Apple’s Authoring Specification also recognizes this reality, with a note to their encoding ladders stating, “The above bit rates are initial encoding targets for typical content delivered via HLS. Apple recommends that you evaluate them against your specific content and encoding workflow, then adjust accordingly.”
Note that the opposite of per-title is static, as in “the producer eschewed per-title encoding and uses a static encoding ladder.” In terms of implementation, there are techniques for creating your own per-title encoding ladder, but they are generally cumbersome, time-consuming, and expensive. At this point, most encoding tools and cloud services offer a per-title encoding option; you just need to choose it and use it.
Different Codecs: Different Ladders
As a final note, understand that whether you opt for per-title or static, your encoding ladder should change based upon the codec that you’re using. If you check the Apple Authoring note, you’ll see that Apple recommends a different ladder for H.264 and HEVC; the same holds true for VP9 and AV1, and will for newer codecs as they come along.

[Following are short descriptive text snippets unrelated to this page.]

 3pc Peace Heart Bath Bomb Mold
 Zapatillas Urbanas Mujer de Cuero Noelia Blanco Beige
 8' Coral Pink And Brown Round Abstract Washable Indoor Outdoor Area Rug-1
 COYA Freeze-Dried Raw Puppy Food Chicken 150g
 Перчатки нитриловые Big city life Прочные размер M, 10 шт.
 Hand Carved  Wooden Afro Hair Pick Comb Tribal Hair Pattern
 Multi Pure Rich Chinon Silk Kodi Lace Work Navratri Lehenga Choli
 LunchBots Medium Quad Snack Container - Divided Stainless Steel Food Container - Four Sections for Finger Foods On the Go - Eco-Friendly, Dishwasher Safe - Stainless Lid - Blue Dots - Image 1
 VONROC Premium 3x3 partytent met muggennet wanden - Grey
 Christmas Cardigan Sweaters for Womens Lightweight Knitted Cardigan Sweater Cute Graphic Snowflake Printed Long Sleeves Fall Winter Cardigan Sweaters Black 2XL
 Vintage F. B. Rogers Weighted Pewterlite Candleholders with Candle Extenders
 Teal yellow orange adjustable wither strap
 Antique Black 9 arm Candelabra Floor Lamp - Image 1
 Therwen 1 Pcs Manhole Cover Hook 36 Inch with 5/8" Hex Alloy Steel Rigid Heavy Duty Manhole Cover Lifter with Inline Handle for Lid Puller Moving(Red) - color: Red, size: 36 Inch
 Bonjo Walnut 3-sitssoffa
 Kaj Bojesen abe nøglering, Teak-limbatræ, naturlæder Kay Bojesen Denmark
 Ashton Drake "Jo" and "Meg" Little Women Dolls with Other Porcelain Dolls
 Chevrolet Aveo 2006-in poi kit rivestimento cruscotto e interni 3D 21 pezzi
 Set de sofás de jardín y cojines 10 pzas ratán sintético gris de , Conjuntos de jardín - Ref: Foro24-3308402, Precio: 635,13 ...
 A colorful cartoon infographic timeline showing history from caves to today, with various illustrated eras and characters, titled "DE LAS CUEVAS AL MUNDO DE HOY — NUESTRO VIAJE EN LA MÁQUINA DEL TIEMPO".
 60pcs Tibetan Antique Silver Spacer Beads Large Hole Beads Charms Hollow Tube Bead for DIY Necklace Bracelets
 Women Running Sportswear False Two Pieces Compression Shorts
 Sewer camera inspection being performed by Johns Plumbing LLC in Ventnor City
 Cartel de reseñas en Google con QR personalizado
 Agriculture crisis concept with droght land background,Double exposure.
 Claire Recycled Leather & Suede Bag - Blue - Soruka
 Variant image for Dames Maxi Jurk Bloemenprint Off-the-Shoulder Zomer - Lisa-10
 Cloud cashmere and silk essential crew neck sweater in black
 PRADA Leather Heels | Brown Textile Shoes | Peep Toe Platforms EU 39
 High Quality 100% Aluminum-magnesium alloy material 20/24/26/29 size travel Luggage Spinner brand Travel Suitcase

Why? Typically more advanced codecs are more efficient, which means you can use lower bitrates at higher resolutions. They also tend to work more efficiently at higher resolutions, which means you can eliminate the lower resolutions altogether. If you compare Apple’s H.264 and HEVC-recommended ladders, you’ll see both effects. You might also check out this article, which helped convince Apple that their H.264 and HEVC ladders needed to be different.